Upon arriving home, I quickly developed my photos. The four colour rolls went to Dotwell for one hour processing and scanning and the following day, I developed the two and black and white rolls myself in the darkroom, made contact sheets, and printed a few 8x10. I was pleased to see my results. All but a few of the images were in focus or close enough that the images worked at least technically. I was very relived that I was able to accomplish my goal of making some memorable images of my holiday trip using the gorgeous wide-angle Leica glass and the colour film to capture the atmosphere of this magical place. The photo below was made with the Leica 28mm f/2.8 lens most likely at f/2 using Kodak Portra 400 35mm film at Le Commerce Restaurant in Mirepoix, France of some Baguette and house wine bottles.
Shifting back to digital, the X-T1 did well and I used it on and off throughout the trip. Interestingly, the Fujinon prime 23mm f/1.4 (35mm full frame equivalent) that I brought was never used. I got used to the moderately large and heavy zoom lens and really enjoyed the flexibility that it offered. Touring landscapes and castles requires a wide angle lens and it was nice to have the ability to take it all in using the lens at its widest focal length of 16mm (24mm equivalent on a full frame). Just as well, the ability to zoom to 55mm (85mm on a full frame) was equally as welcoming to get closer or to a subject that was farther away or to exclude (i.e. blur) the background thereby isolating the subject from the background. Although I never took the 23mm prime out of the bag, the Webelos Scout Master of my youth would be proud of my ability to Be Prepared. I am almost convinced that the relatively fast f/2.8 zoom lens is the only lens one needs for basic travel. For the photos that I was making of market wares, people, landscapes, and architecture this one zoom lens easily handled all of it and met my needs. There is a lot to be gained from accepting a strategy of less is more and travelling light with regards to photography gear. One might argue all day long that they need this lens, and that lens regardless of where they travel to, always, but at the end of the day, it’s more to lose, more to get stollen, and more liability to schlep more gear around the globe. With fewer camera bodies and lenses, the photographer has fewer gear choices and quickly learns the camera and lens combination that they have with them. This lack of decisions regarding gear leads to a focus on the only two decisions that really matter. Namely, the decisions boil down to where to stand, and when to press the shutter release button.

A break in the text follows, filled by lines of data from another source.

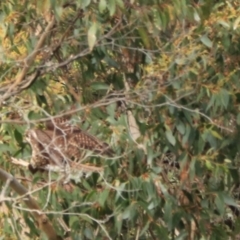 Falco berigora at Gawler, TAS - 7 Sep 2022 10:58 AM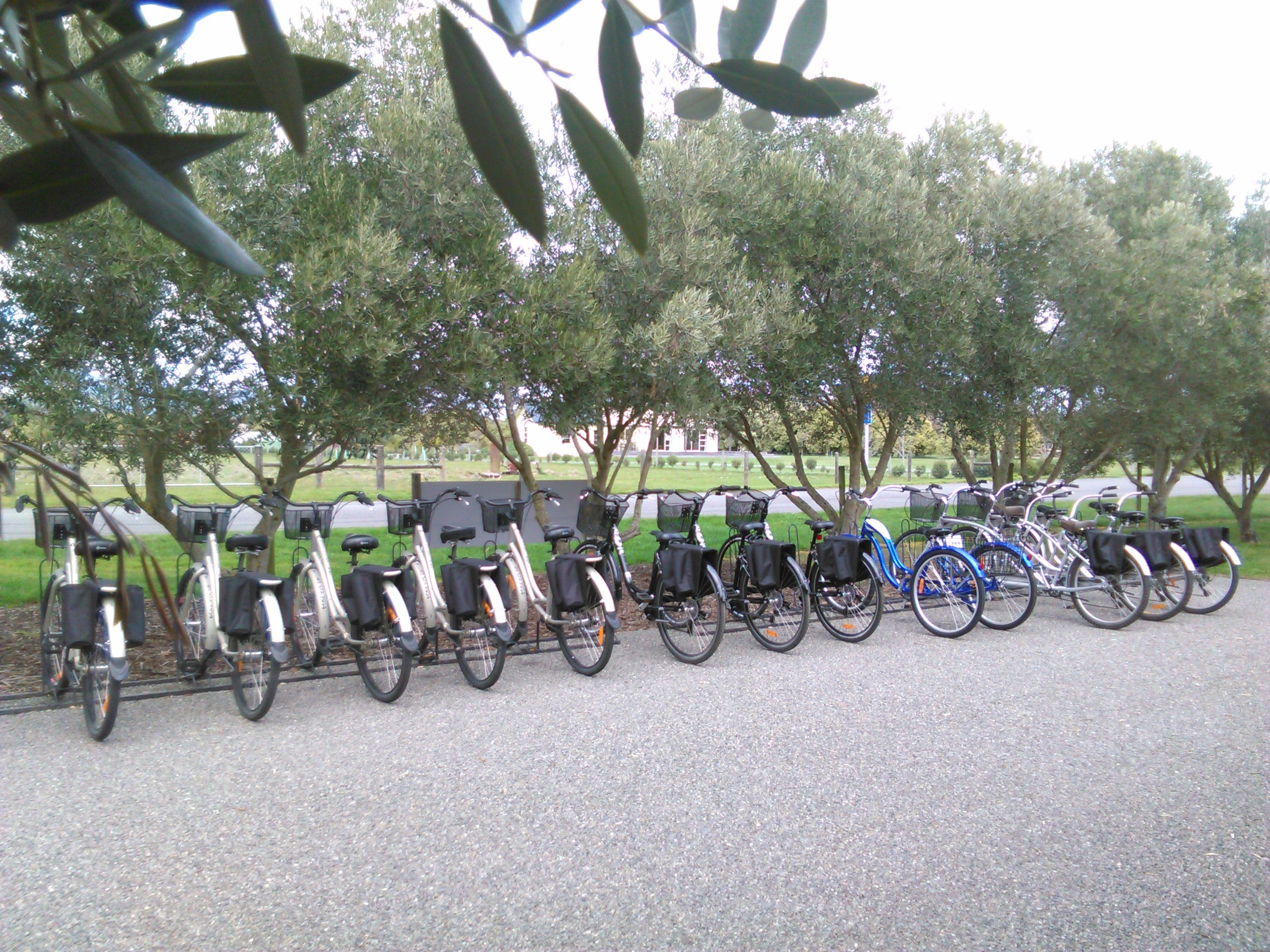 The Steeds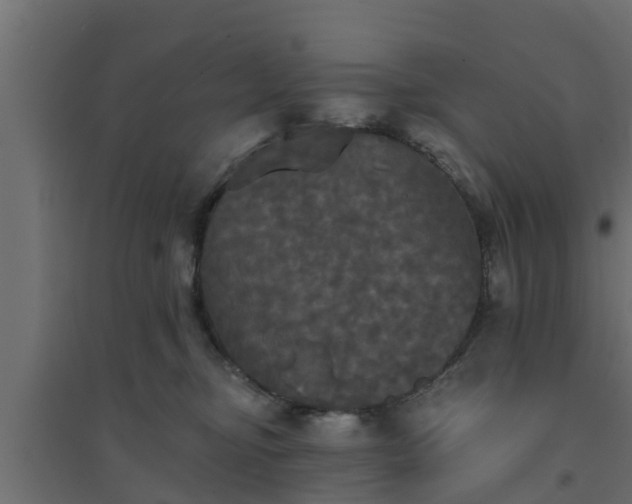 X0000094810374200711241451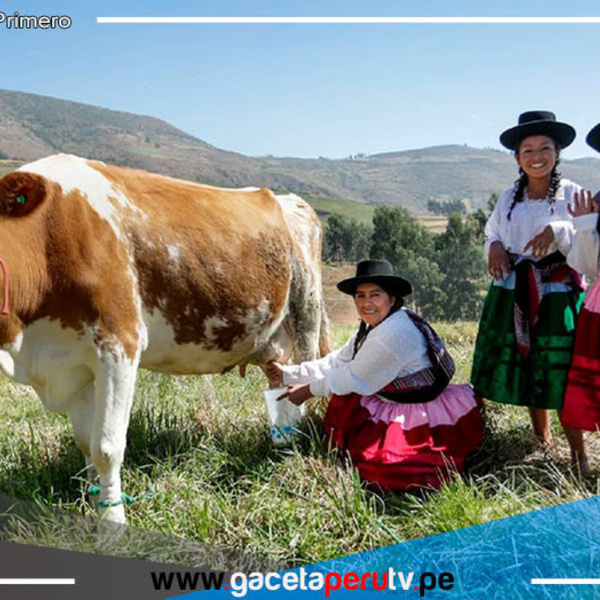 Premiarán a figuras destacadas de los rubros agrícola, pecuario y forestal 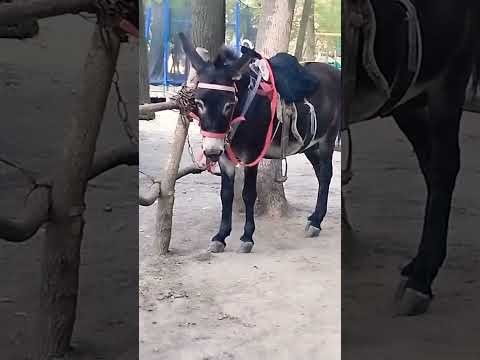 Видео: Роджер. Последние деньки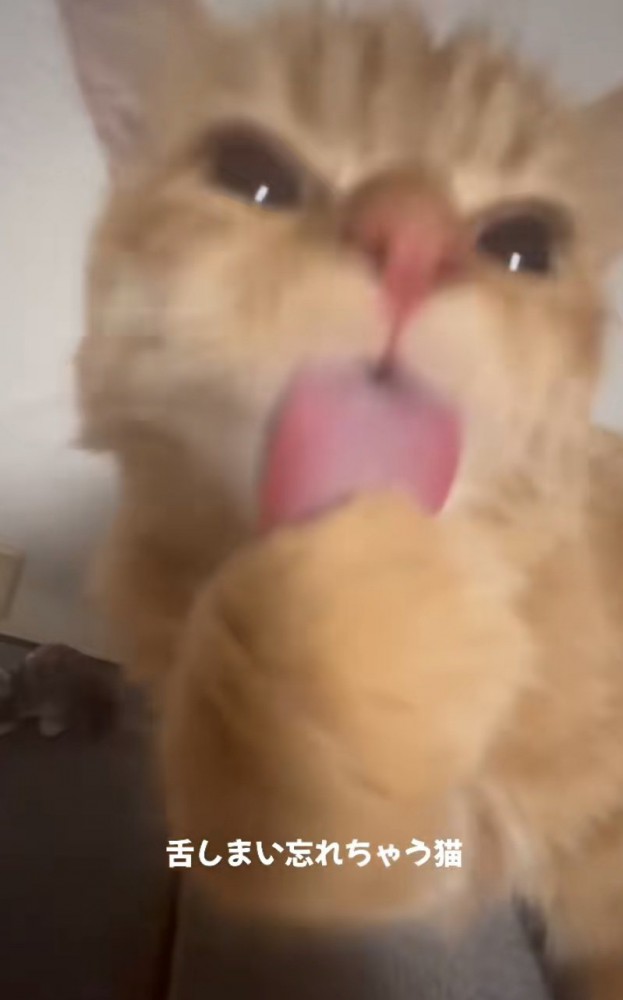 毛づくろいする猫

In conclusion, the south of France is outstanding in every way especially in the summer just steer clear of terroristic attacks. I missed the Nice attach by one day
I'm still a bit freaked out by it. The other photo below was shot the day before in the Christian cemmetery above the beach area where the incident occurred.
Viva la France!
Happy travels to you and yours wherever you might be going this summer.
Remember, the light is always right.